Углубление знания о социальной структуре городского сообщества привело Кларенса Перри к формированию концепции «соседства» как своеобразной молекулы, соединение которой со сходными планировочными единицами должно было привести к равномерному развитию города. Ядром «соседства» является школа с ее спортивными площадками, зал и площадь для собраний жителей. В Советском Союзе «соседство» перевели как «микрорайон».
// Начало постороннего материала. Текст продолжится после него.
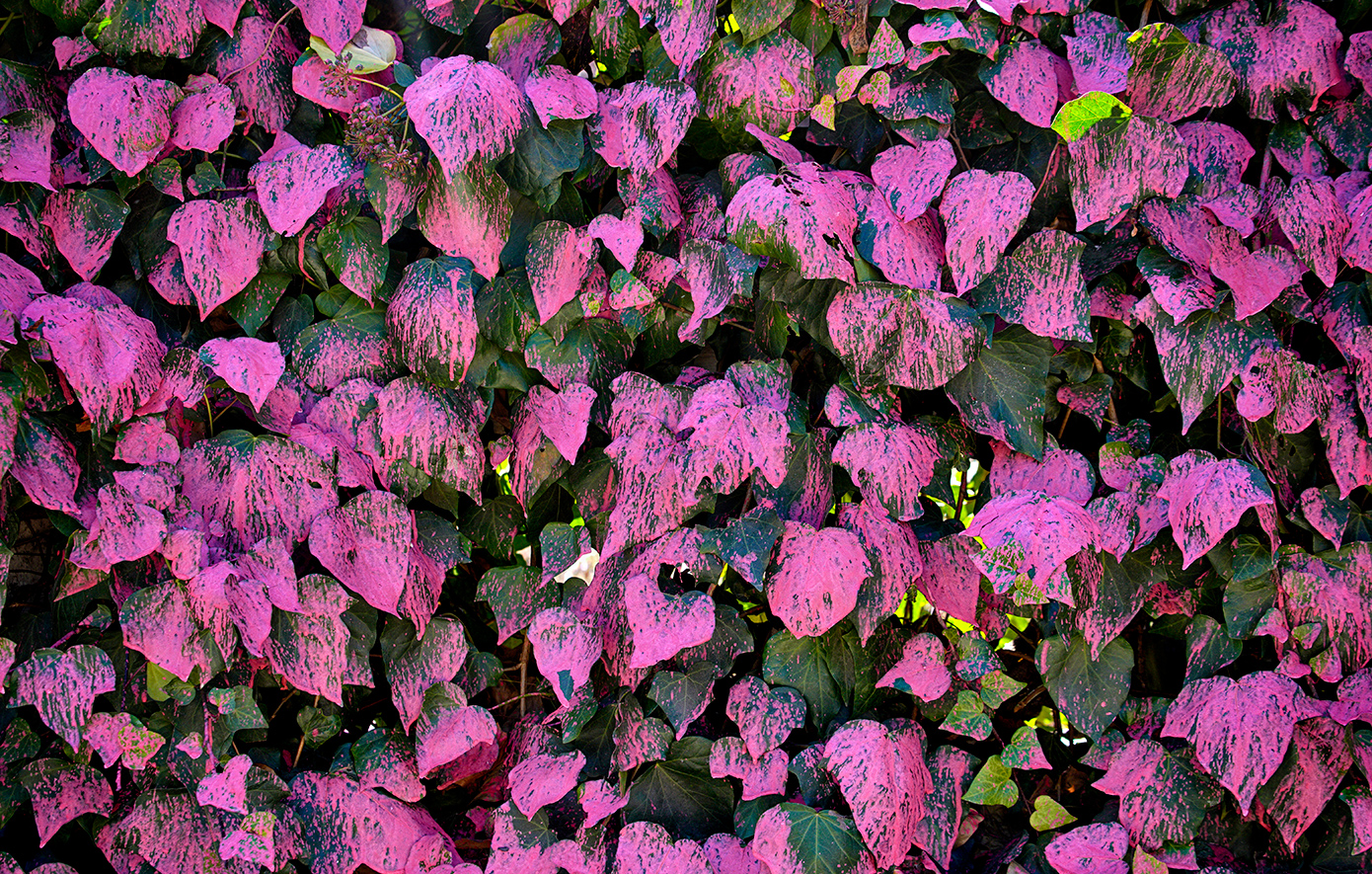 Τι είναι η ροζ σκόνη που χρησιμοποιείται για την καταπολέμηση των φωτιών στο Λος Άντζελες και γιατί έχει προκαλέσει αντιδράσεις Τι είναι η ροζ σκόνη που χρησιμοποιείται για την καταπολέμηση των φωτιών στο Λος Άντζελες και γιατί έχει προκαλέσει αντιδράσεις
Перри считался с тем, что уже наступила автомобильная эра, подчеркивая, что транзитные улицы становятся естественными границами «соседств», тогда как в их пределах проезды меньшей ширины будут открыты лишь для местного транспорта. Следуя ранней версии программы Перри, архитекторы Стейн и Райт уже завершили в 1928 г. участок в 30 га в 5 милях от Манхэттена, создав там Саннисайд – группу из нескольких сверхкрупных кварталов с парками внутри, но в пределах Нью-Йорка их связывала обязательность прямоугольной планировочной решетки. Затем, уже за городской чертой, работая на ГКЖЗ – Городскую Корпорацию Жилой Застройки, они создали, наконец, американскую версию города-сада – Рэдберн. На территории в 8 кв.км суперкварталы были теперь освобождены от требований планировочной сетки, а компоновка групп домов, по модели Унвина-Паркера, что подчеркивали авторы, была сделана так, что автомобильное движение через центральные парки было уже невозможно. Как с гордостью говорили авторы, «Мы ликвидировали задний двор... и построили дома, у которых нет заднего фасада, а потому нет и переднего».
Модель не выдержала испытания временем. Хотя «Ассоциация Рэдберн» сохраняла контроль над пространственной структурой, дома выставлялись на продажу, и все надежды на социальную интеграцию рухнули. Трое из пяти домовладельцев оказались управленцами среднего уровня, и выше, «синих воротничков» среди жителей Рэдберна не было совсем, к тому же, в соответствии с тогдашней американской практикой, риэлторы не продавали там жилье не только неграм, но и евреям. Великий кризис и депрессия приостановили рост Рэдберна, так что к середине 30-х годов там было только полторы тысячи жителей – слишком мало, чтобы поддерживать развитую социальную программу, а поддержать коммунальные службы удавалось лишь с помощью ГКЖЗ и Фонда Карнеги.
Были другие попытки, из которых относительно успешным стало создание Болдвин Хиллз в Лос-Анджелесе, где, однако, пришлось пойти на урезание программы. Так, обширные лужайки были проданы частным владельцам, чтобы снизить коммунальные расходы, торговый центр и детские сады так и не были построены. Поначалу проект осуществлялся как расово интегрированный, однако со временем белые семьи выехали, жалуясь на беспокойных соседей. Болдвин Хиллз, переименованный в Зеленую Деревню, существует по сей день, однако в связи с близким соседством района субсидируемого жилья, по ночам его объезжают полицейские на мотоциклах, что плохо корреспондирует с первоначальным замыслом. успех сопутствовал другому предприятию – Зеленому Поясу.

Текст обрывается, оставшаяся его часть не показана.